The trick here is in these two git grep parameters:
-I
: Don’t match the pattern in binary files.-e .
: Regular expression match any character in the file
You can use wildcards e.g.
git grep -I --name-only --untracked -e . -- *.ps1
# considered binary (or with bare CR) file
git ls-files --eol | grep -E '^(i/-text)'
# files that do not have any line-ending characters (including empty files) - unlikely that this is a true binary file ?

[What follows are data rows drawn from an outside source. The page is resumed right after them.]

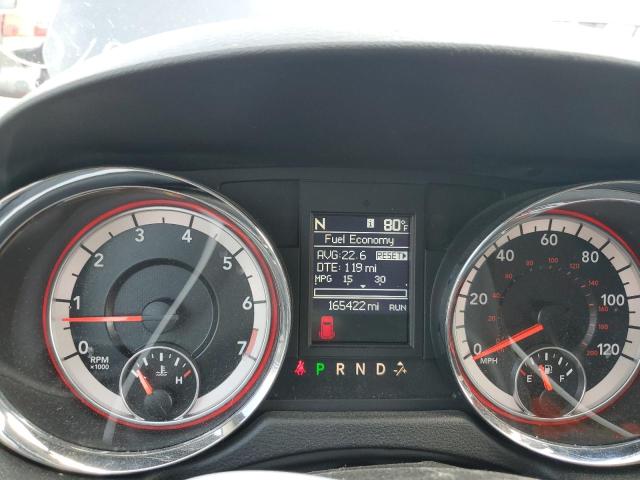 Photo 9 from auction – 2016 DODGE GRAND CARA with VIN 2C4RDGCG2GR351876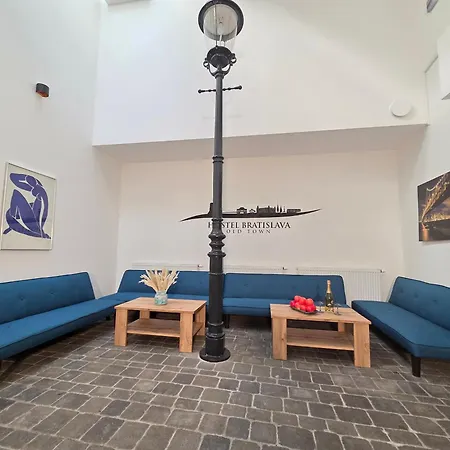 Hostel Old Town Bratislava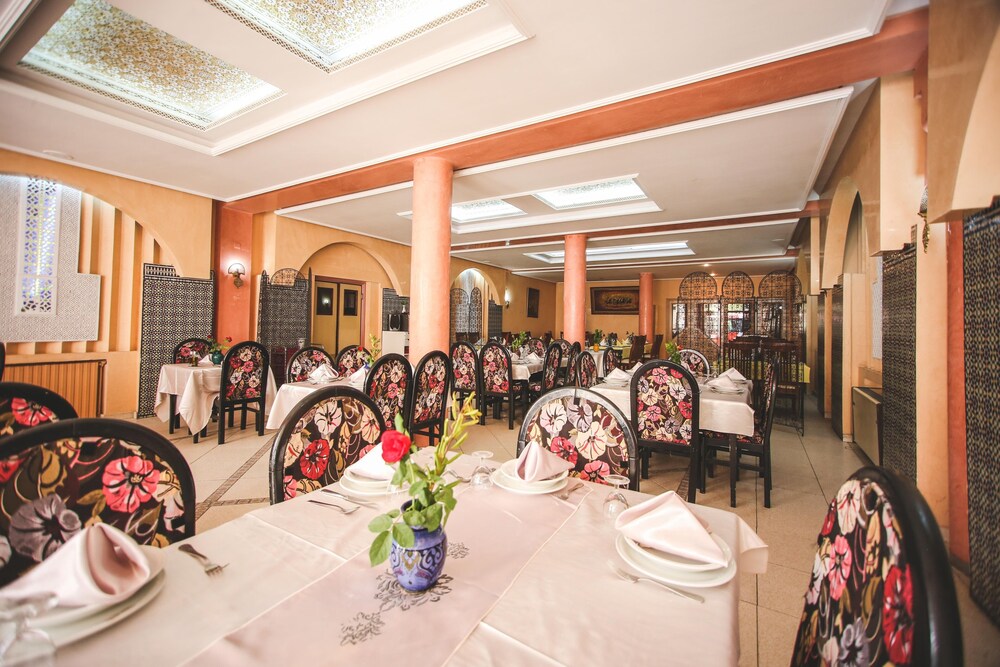 Hotel Bab Mansour 34/40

git ls-files --eol | grep -E '^(i/none)'
# via experimentation
# ------------------------
# "-text" binary (or with bare CR) file : not auto-normalized
# "none" text file without any EOL : not auto-normalized
# "lf" text file with LF : is auto-normalized when gitattributes text=auto
# "crlf" text file with CRLF : is auto-normalized when gitattributes text=auto
# "mixed" text file with mixed line endings : is auto-normalized when gitattributes text=auto
# (LF or CRLF, but not bare CR)
Source: https://git-scm.com/docs/git-ls-files#Documentation/git-ls-files.txt---eol https://github.com/git/git/commit/a7630bd4274a0dff7cff8b92de3d3f064e321359
Oh by the way: be careful with setting the .gitattributes
text attribute e.g. *.abc text
. Because in that case all files with *.abc
will be normalized, even if they are binary (internal CRLF found in the binary would be normalized to LF). This is different from the auto behaviour.
builtin_diff()
1 calls diff_filespec_is_binary()
which calls buffer_is_binary()
which checks for any occurrence of a zero byte (NUL “character”) in the first 8000 bytes (or the entire length if shorter).

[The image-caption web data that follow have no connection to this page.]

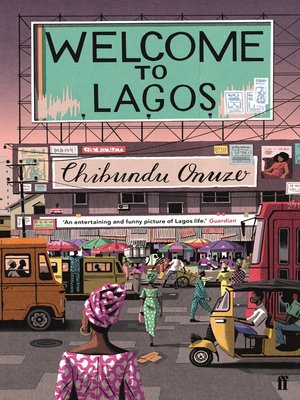 Welcome to Lagos - [AUDIOBOOK]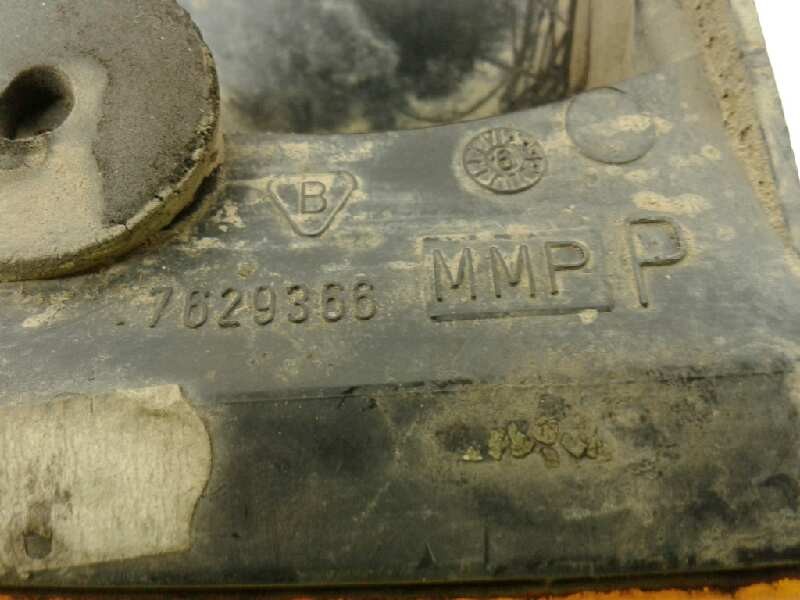 Recambio de piloto trasero derecho para fiat cinquecento (170) referencia OEM IAM 7629366P  95103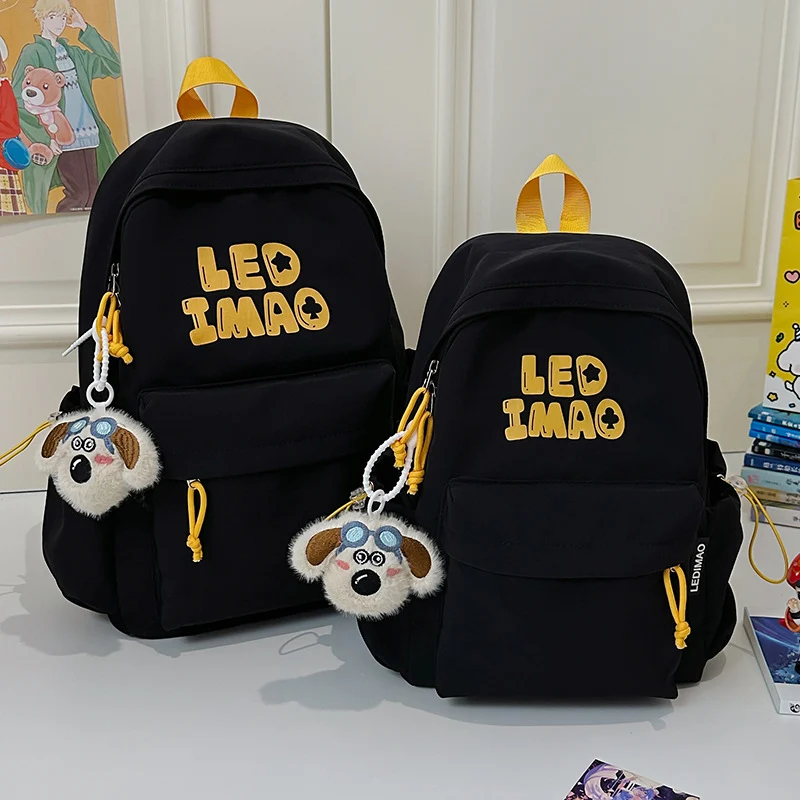 Spaß Cartoon-Themen Casual Rucksack Karnz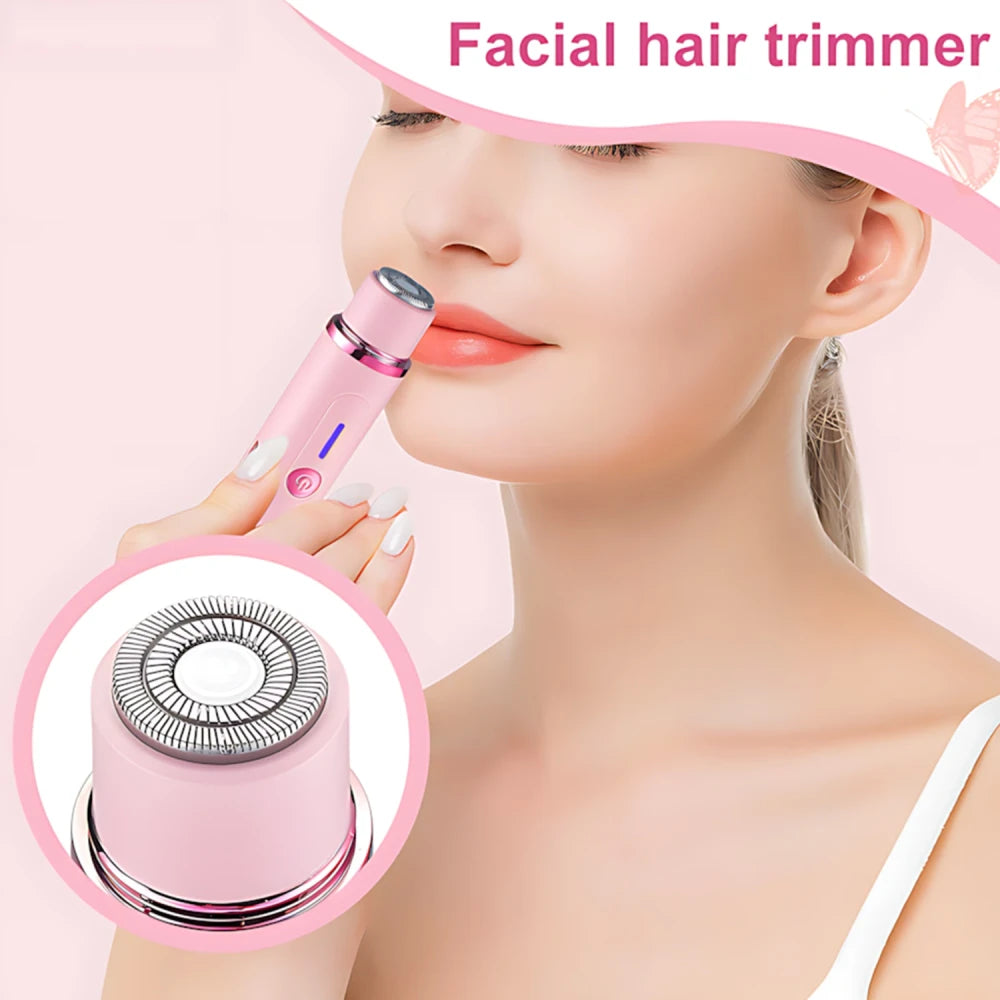 Precision Hair Trimmer for Women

I do not see that this “is it binary?” test is explicitly exposed in any command though.
git merge-file
directly uses buffer_is_binary()
, so you may be able to make use of it:
git merge-file /dev/null /dev/null file-to-test
It seems to produce the error message like error: Cannot merge binary files: file-to-test
and yields an exit status of 255 when given a binary file. I am not sure I would want to rely on this behavior though.
Maybe git diff --numstat
would be more reliable:
isBinary() {
p=$(printf '%s\t-\t' -)
t=$(git diff --no-index --numstat /dev/null "$1")
case "$t" in "$p"*) return 0 ;; esac
return 1
}
isBinary file-to-test && echo binary || echo not binary
For binary files, the --numstat
output should start with -
TAB -
TAB, so we just test for that.
1builtin_diff()
has strings like Binary files %s and %s differ
that should be familiar.
I don't like this answer, but you can parse the output of git-diff-tree to see if it is binary. For example:
git diff-tree -p 4b825dc642cb6eb9a060e54bf8d69288fbee4904 HEAD -- MegaCli
diff --git a/megaraid/MegaCli b/megaraid/MegaCli
new file mode 100755
index 0000000..7f0e997
Binary files /dev/null and b/megaraid/MegaCli differ
as opposed to:
git diff-tree -p 4b825dc642cb6eb9a060e54bf8d69288fbee4904 HEAD -- megamgr
diff --git a/megaraid/megamgr b/megaraid/megamgr
new file mode 100755
index 0000000..50fd8a1
--- /dev/null
+++ b/megaraid/megamgr
@@ -0,0 +1,78 @@
+#!/bin/sh
[…]
Oh, and BTW, 4b825d… is a magic SHA which represents the empty tree (it is the SHA for an empty tree, but git is specially aware of this magic).